Her first mystery begins in 1866. I chose to start her stories that year because Serafina was at a point of no return in her life.
In 1865 the year before Death of a Serpent begins, she lost her mother, her aunts and uncles, her sisters, her cousins, in a devastating epidemic of cholera that swept her town killing half the population in a day. Two months later, her husband died suddenly. (While Serafina’s town is fictitious, it reflects Sicily in the nineteenth century where there were several waves of cholera in the 1860s.)
Serafina says of her state of mind then, “I entered that flat, dead landscape we call grief.”
After her pain lifts somewhat, she has a choice—she can either sit back or fight. In the end, she chooses to fight. It’s her hallmark—she never gives up. She remains committed to supporting her children, committed to her quest for justice.
That doesn’t mean she’s perfect, not by a long chalk. She doesn’t want me to use the word faults, says it’s too judgmental, and I agree. But she does have unique mannerisms. For instance, she eats olives and cookies at the same time, stuffing her mouth with them. Her curls frizz the moment there’s a hint of rain. Her toes are usually cold, even in her climate where it’s hot enough to fry snakes on the streets.
As far as peccadillos go, many times Serafina’s first response during a conversation is to try to control, especially if she doesn’t like or understand the general drift. In other words, she’s afraid of being left behind. And she’s got a healthy jealous streak, although most of the time she doesn’t admit it. At one point she calls Inspector Colonna, “a no nothing lout.”
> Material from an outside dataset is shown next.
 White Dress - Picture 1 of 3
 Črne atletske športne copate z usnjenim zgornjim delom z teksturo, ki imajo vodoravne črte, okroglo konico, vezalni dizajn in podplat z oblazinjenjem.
Life wasn’t easy for Serafina. In Sicily, the times were horrendous. It was a society barely functioning. So, in Death of a Serpent, in addition to dealing with the mystery of who killed three women, Serafina deals with the times, which in Sicily in the 1860s were filled with external conflict.
But beyond this external conflict, Serafina has a gnawing inner conflict. It’s her core conflict—She is torn: Is a woman more than a wife and mother? Does a woman deserve to enjoy the fullness of humanity the same as a man? In the end, this internal to-ing and fro-ing informs all of her decisions and revisions and accounts for much of the tumult in her head.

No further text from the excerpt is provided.